On the space front, I am sort of pleased to report that there was nothing that contradicted my theory of planetary formation found in the literature, but of course that may be because there is a certain plasticity in it. The information on Pluto, apart from the images and the signs of geological action, were well in accord with what I had written, but that is not exactly a triumph because apart from those images, there was surprisingly little new information. Some of which might have previously been considered “probable” was confirmed, and details added, but that was all. The number of planets around TRAPPIST 1 was a little surprising, and there is limited evidence that some of them are indeed rocky. The theory I expounded would not predict that many, however the theory depended on temperatures, and for simplicity and generality, it considered the star as a point. That will work for system like ours, where the gravitational heating is the major source of heat during primary stellar accretion, and radiation for the star is most likely to be scattered by the intervening gas. Thus closer to our star than Mercury, much of the material, and even silicates, had reached temperatures where it formed a gas. That would not happen around a red dwarf because the gravitational heating necessary to do that is very near the surface of the star (because there is so much less falling more slowly into a far smaller gravitational field) so now the heat from the star becomes more relevant. My guess is the outer rocky planets here are made the same way our asteroids were, but with lower orbital velocities and slower infall, there was more time for them to grow, which is why they are bigger. The inner ones may even have formed closer to the star, and then moved out due to tidal interactions.
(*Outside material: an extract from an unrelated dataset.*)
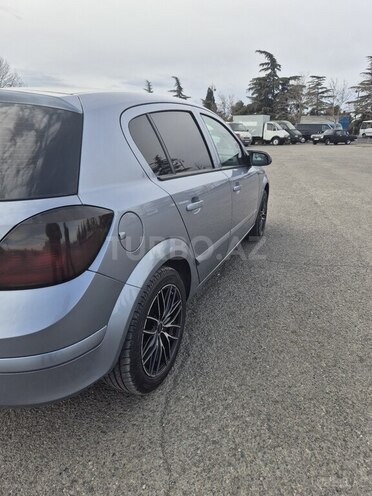 Opel Astra 2006, 285,000 km - 1.4 l - Gəncə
The more interesting question for me is, do any of these rocky planets in the habitable zone have an atmosphere? If so, what are the gases? I am reasonably certain I am not the only one waiting to get clues on this.

On another personal level, as some might know, I have published an ebook (Guidance Waves) that offers an alternative interpretation of quantum mechanics that, like de Broglie and Bohm, assumes there is a wave, but there are two major differences, one of which is that the wave transmits energy (which is what all other waves do). The wave still reflects probability, because energy density is proportional to mass density, but it is not the cause. The advantage of this is that for the stationary state, such as in molecules, that the wave transmits energy means the bond properties of molecules should be able to be represented as stationary waves, and this greatly simplifies the calculations. The good news is, I have made what I consider good progress on expanding the concept to more complicated molecules than outlined in Guidance Waves and I expect to archive this sometime next year.

Apart from that, my view of the world scene has not got more optimistic. The US seems determined to try to tear itself apart, at least politically. ISIS has had severe defeats, which is good, but the political futures of the mid-east still remains unclear, and there is still plenty of room for that part of the world to fracture itself again. As far as global warming goes, the politicians have set ambitious goals for 2050, but have done nothing significant up to the end of 2017. A thirty-year target is silly, because it leaves the politicians with twenty years to do nothing, and then it would be too late anyway.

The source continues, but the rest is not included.